Figure 1. Schematic of (a) the stacked TFT with IGZO/Al2O3 using in situ PEALD (1S, 3S, 5S, and 10S TFTs), (b) representative transfer curve, and (c) trend of the electrical parameters of the devices based on the number of stacking layers.
Table 1. Device parameters (Vth, µFE and SS) for the 1S, 3S, 5S, and 10S TFTs.
STEM analysis was conducted to confirm nano-scaled IGZO/Al2O3 thin film lamination through in situ PEALD. Figure (a) shows that the laminated thin film of the 10-stack 2-nm-IGZO/3-nm-Al2O3 deposited through in situ PEALD was well-formed. STEM analysis confirmed that Al2O3 of 3.45 nm and IGZO thin films of 2.22 nm were well-separated and formed, and the total thickness of the 10-stack IGZO/Al2O3 thin film was 56.5 nm. From the EDS analysis presented in Figure (b), we confirmed that the layers of IGZO and Al2O3 were well-classified by mapping In and Al elements. In addition, the distribution of In, Ga, Zn, and Al components through vertical line scanning (A–A′) also confirmed that the nano-scaled IGZO/Al2O3 was well separated, as shown in Figure (c).

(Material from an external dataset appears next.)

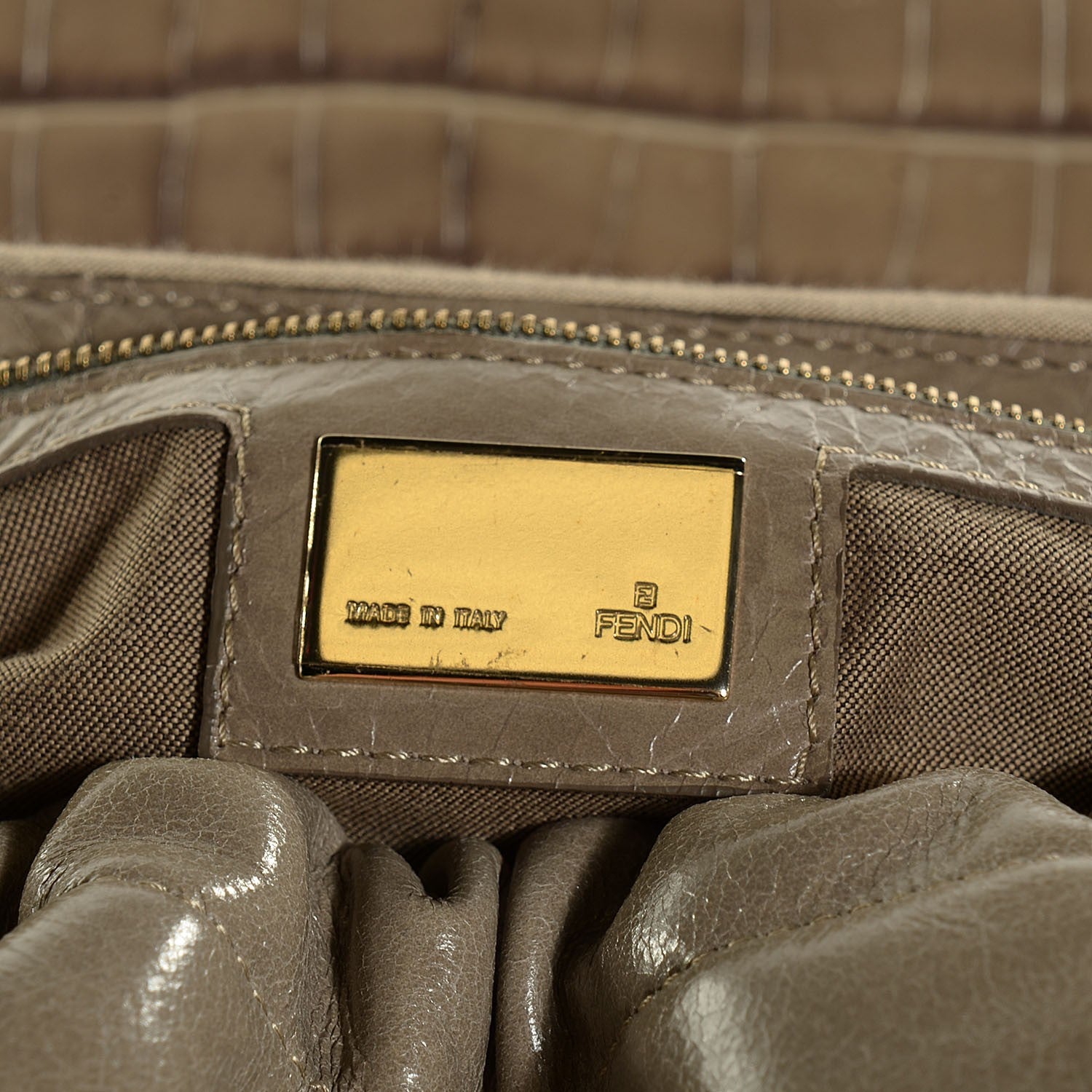 Fendi Calfskin Crocodile Embossed Large Magic Bag Beige 4 of 8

Therefore, it is thought that the effective formation of IGZO/Al2O3 through in situ PEALD is irrelevant to the degradation in the device’s performance.

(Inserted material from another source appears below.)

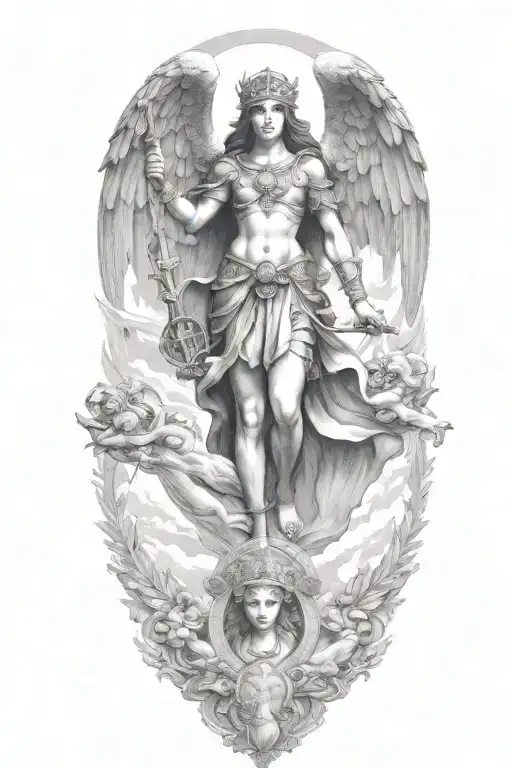 Saint Michel Victory Over Demon Girl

Figure 2. (a) STEM image, (b) EDS mapping image (2-D) of Al and In, (c) vertical EDS line scan (1-D) of Al, In, Ga and Zn in a 10-stack IGZO/Al2O3 layer.

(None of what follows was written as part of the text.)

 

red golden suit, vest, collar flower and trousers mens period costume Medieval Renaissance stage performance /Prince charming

A TCAD simulation was conducted to confirm the device performance tendencies (increase in µFE and S·S) based on the IGZO/Al2O3 thickness in the multi-channel TFTs. Simulations of the 1S, 3S, 5S, and 10S TFTs confirmed changes in device performance based on the number of stacking layers, as shown in Figure S2. Figure (a) shows the 2D distribution of the total current density of the multi-channel TFTs in the driving state (VGS = 10 V, VDS = 0.1 V). A current path was formed on all layers of IGZO in the 1S, 3S, 5S, and 10S TFTs. Figure (b) shows that the vertical distribution was confirmed, which in turn enabled a comparison of the current density values based on the number of stacking layers. In the first front IGZO layer, the current density peak in the 1S, 3S, 5S, and 10S TFTs was 85.5, 93.7, 125.2, and 210.8 A/cm2, respectively. This means that mobility was increased by an increase in the current density only in the first front IGZO layer by means of the nano-scaled lamination process. In addition, excluding the first front IGZO layer, the log scale of the current density showed that an additional current path was formed with a relatively lower current density (<10 A/cm2), as shown in the inset of Figure (b). This was not only due to the increasing active thickness but was also derived from the effect of the multi-channel TFT structure.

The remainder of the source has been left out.